During British rule, the first linguistic survey was done from 1894 to 1928 by George A. Grierson. The survey recognized 179 languages and 544 dialects. But owing to a lack of trained personnel as this survey had many shortages.
The PLSI is a comprehensive survey done by persons belonging to speech communities or who have worked with them for many years.
On January 7, 2012, the first six volumes were released at the Bhasha Vasudha Global Languages Conference in Vadodara. The survey was completed in December 2012.
The earlier census counted 1,652 Indian languages, but the PLSI survey counted 780 Indian languages in 2010. According to “UNESCO Atlas of World’s Language in Danger”, India has a total of 197 languages that are in the vulnerable category, and India is on top of the list of countries where most languages are in crisis.

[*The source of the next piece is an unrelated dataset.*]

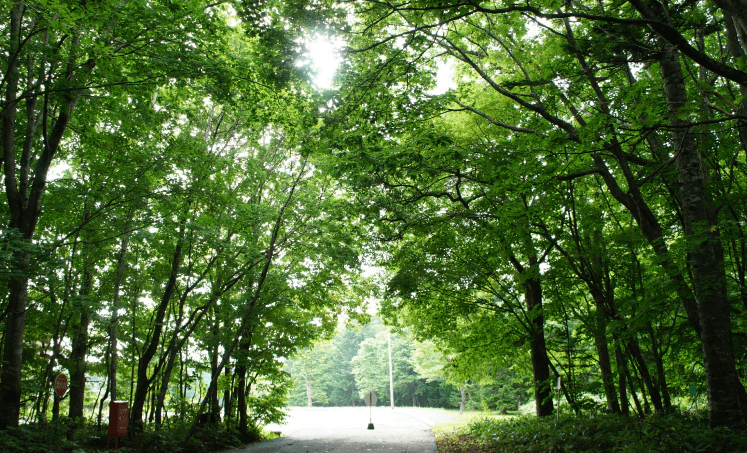 Sunlight filters through a dense green canopy above a broad approach leading toward a brighter clearing, with a small sign and barrier visible ahead.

In India, the language policy has been pluralistic in nature, giving importance to the usage of the mother tongue in the areas of administration, education and other fields of mass communication. Accordingly, the Language Bureau of the Ministry of Human Resource Development has been set up to enforce and monitor the language policy of the government.
In the Eight Schedule of the constitution, India has recognized the following 22 languages:
Assamese, Bengali, Bodo, Dogri, Gujarati, Hindi, Kashmiri, Kannada, Konkani, Maithili, Malayalam, Manipuri, Marathi, Nepali, Oriya, Punjabi, Sanskrit, Santhali, Sindhi, Tamil, Telugu and Urdu. Among these languages, Sanskrit, Tamil and Kannada have been recognized by the Government of India as classical languages having special status and recognition.

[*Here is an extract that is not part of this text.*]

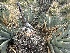  ( - FDS-CA-01606)  @11 [ ] c (2024) Rudy Diaz Fungal Diversity Survey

Additionally, to these scheduled and classical languages, the Constitution of India has incorporated the clause to protect the linguistic minorities as a fundamental right to its people. The Constitution of India makes a provision for the appointment of a special officer for the linguistic minority category, with its responsibility being to safeguard the interest of languages spoken by the minority groups.

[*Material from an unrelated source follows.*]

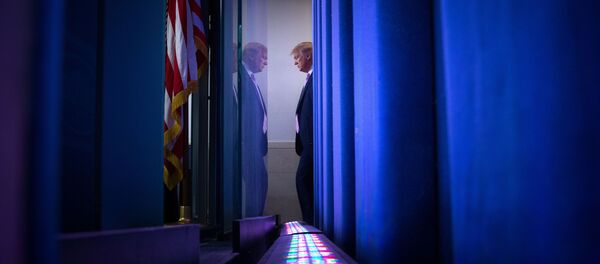 ABD Başkanı Donald Trump - Sputnik Türkiye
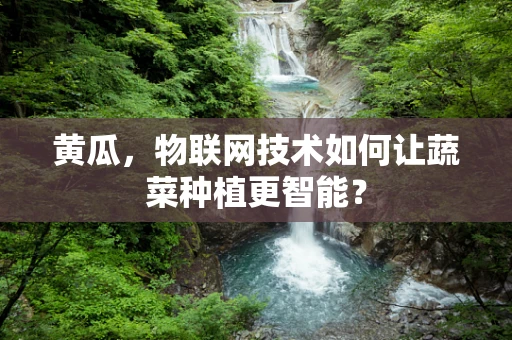 黄瓜，物联网技术如何让蔬菜种植更智能？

Causes of Language Crisis in India
Cultural imperialism because of continuous invasions of India for centuries has threatened the indigenous languages of Indians.
English gained class status because of the long colonial rule in India. And due to the increasing usage of English in governance, administration and law in India, the acceptance of other Indian languages reduced.
. Owing to globalization, and as a result of foreign trade and other activities with many other countries of the world, Indians are continuously learning new languages like German and French, because of which the leaning of the people towards these languages is increasing.
.The Government of India recognizes only those dialects as languages that have a script; in this circumstance, many languages that are just spoken are threatened. India’s official language count is 122 languages, which is lower than the 780 calculated in the linguistic survey. The reason for this inconsistency is that the government will not recognize a language that has speakers of less than 10,000.
Thus, funding is not available for many of these languages. More than 220 languages have ended in the past 50 years.
Many tribes under British rule were given criminal status due to which these tribals tried to hide their language and dialect. After independence, efforts are not being made to protect these tribes, which have endangered their languages. And these tribes do not have much contact with the mainstream of society because of which their language is not spreading.
In a democracy, issues pertaining to the majority group are given due importance. Therefore, there is a lack of political ambition to preserve extinct languages.